Topic: What's new in Lean 3


Kyle Miller (Mar 19 2022 at 20:22):

There have been a few Lean releases with new features, so I thought I'd give some abbreviated release notes. I'm skipping all the useful bug fixes and preparations for mathport, focusing instead on more visible changes. Mathlib is now on 3.42.0c.

Lean 3.42.0c

  • fix for the "unknown declaration" error when rebuilding oleans involving private definitions
  • add a noncomputable! modifier to completely inhibit VM compilation for definitions (replaces force_noncomputable)
  • add check that non-Prop theorems be noncomputable (so Lean will tip you off that you're going against the mathlib def_lemma linter)

Lean 3.41.0c

  • let sorry take an ignored tactic block, so sorry { ... } works to skip slow or incomplete subproofs
  • add options for controlling numeral pretty printing. set_option pp.numeral_types true adds type ascriptions to numerals. This is also controlled by the pp_numeral_type attribute, for example attribute [pp_numeral_type] fin.
  • make the noncomputability checker aware of computational irrelevance of parameters in constructors. (Now, for example, you can have computable instances for typeclasses with noncomputable parameters.)
  • add a search engine for finding relevant lemmas, for applications such as using external automated provers. (lean#696)

Lean 3.39.0c

  • add option pp.parens to cause the pretty printer to ignore precedence and print all parentheses

Lean 3.38.0c

  • make simp only use all congr lemmas
  • make simp not synthesize subsingleton instances, which introduce diamond issues
  • add special support for congruence lemmas for decidable instances

Lean 3.37.0c

  • improve simp's handling of out_param

Kevin Buzzard (Mar 19 2022 at 20:26):

Some experimentation seems to indicate that these features are all now available in mathlib right now -- am I right? This would be very cool because force_noncomputable is very popular in London. I see that mathlib's leanpkg.toml says lean_version = "leanprover-community/lean:3.42.0" but I'm a bit unsure about what the c means in Lean 3.42.0c.
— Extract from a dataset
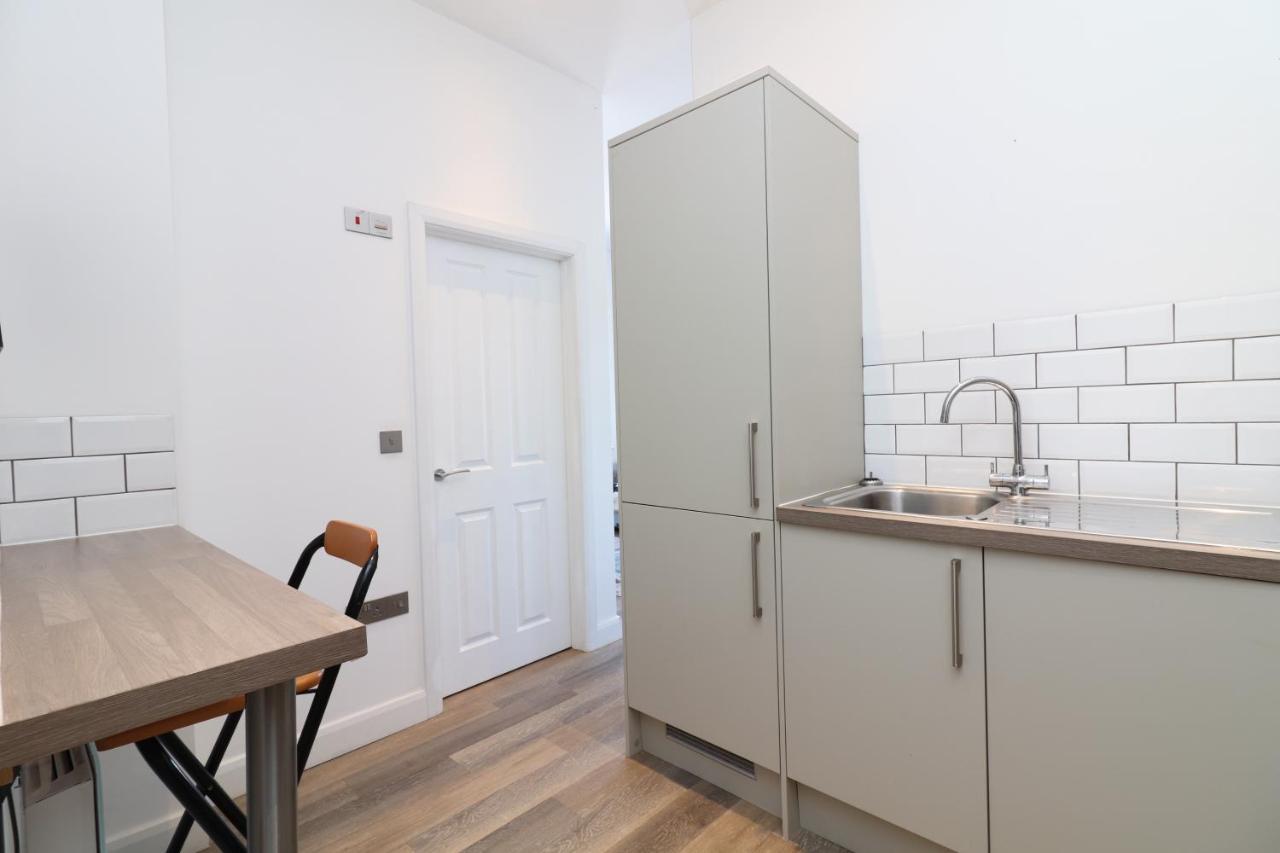 Hope House Apartments Chester Bagian luar foto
Kyle Miller (Mar 19 2022 at 20:29):

I think that's the "c": leanprover-community/lean:3.42.0

Kevin Buzzard (Mar 19 2022 at 20:30):

Oh, c for community?

Johan Commelin (Mar 19 2022 at 20:30):

Right, it's a little marker to show that this is the forked version, not an MSR release.
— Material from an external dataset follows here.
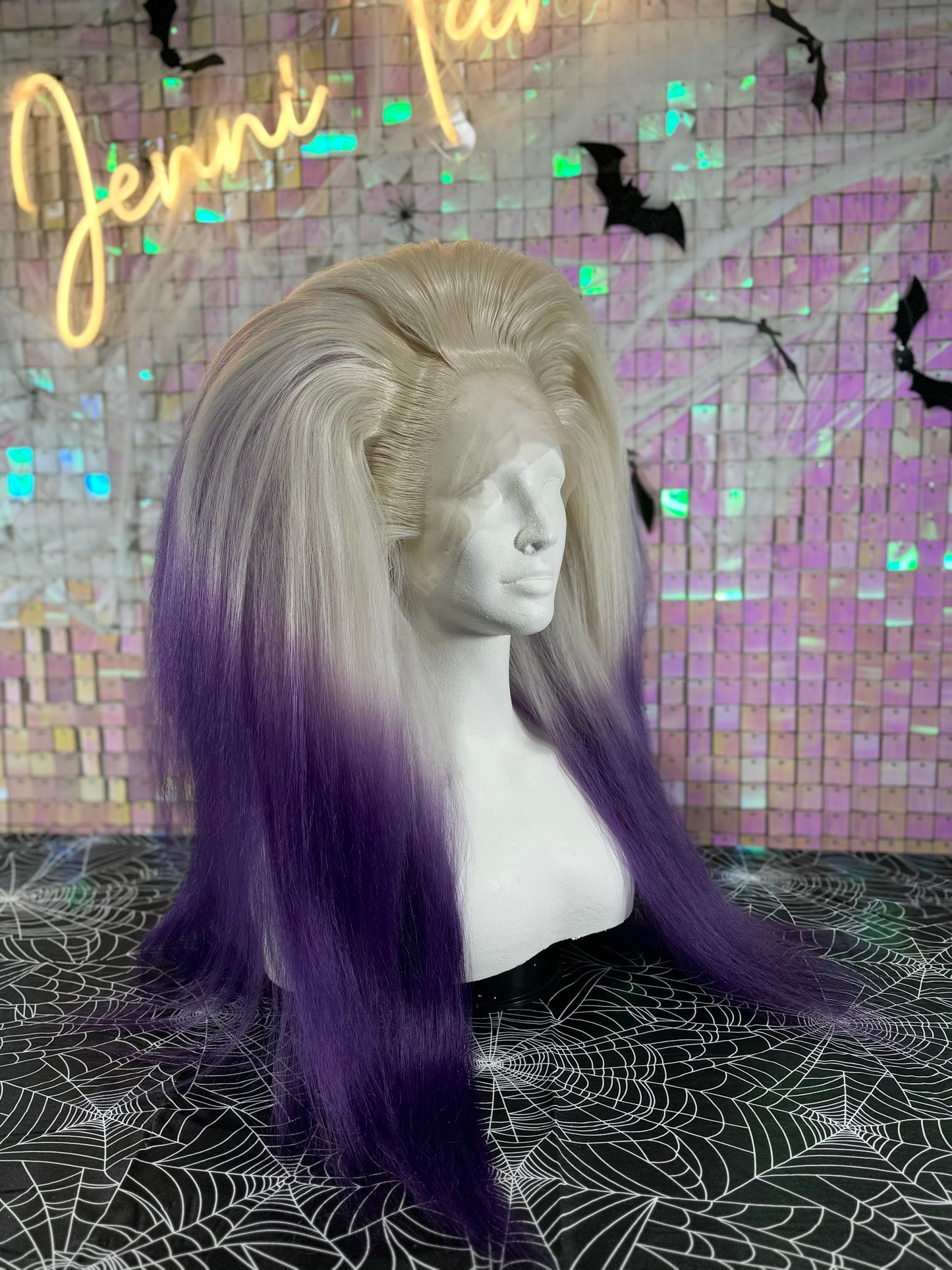 Sculpted blowout in Platinum/Purple Ombré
Kevin Buzzard (Mar 19 2022 at 20:36):

I sometimes worry about what will happen when all these people who are populating the lean4 stream (and this is currently a really active stream, it's exciting to see) start saying "we want to use some of your mathlib stuff but not all of it so please start fragmenting". I remember pre-3.4.2 when the mathlib community were less in sync with the Lean developers and things were slightly more complicated. Since the fork the mathlib people and the Lean 3 people have been working together as one unit, essentially -- Kyle's post above is yet another example of this; many of these changes were inspired by mathlib. Right now we have got a super-efficient set-up, with development of difficult mathematics yielding subtle issues in core Lean (e.g. force_noncomputable) which are then fixed (e.g. with noncomputable!) and everyone is happy. Similarly there is a very smooth transition between the major developments which depend on mathlib (such as LTE) and mathlib itself, with the for_mathlib directories being ported when necessary. The Zulip makes this community super-smooth and functional. I am unclear about for how long we can live in this nirvana.

Arthur Paulino (Mar 19 2022 at 20:50):

I've seen myself in this situation of needing "just this little bit of Mathlib4" a few times. Sometimes I add Mathlib4 as a dependency and sometimes I just sorry out some theorems or state them as axioms.

I think Lean 4 (and Lake) will be powerful enough to download just enough of the dependencies. Right now, It's a bit weird to download thousands of files when the main code has just a handful of them.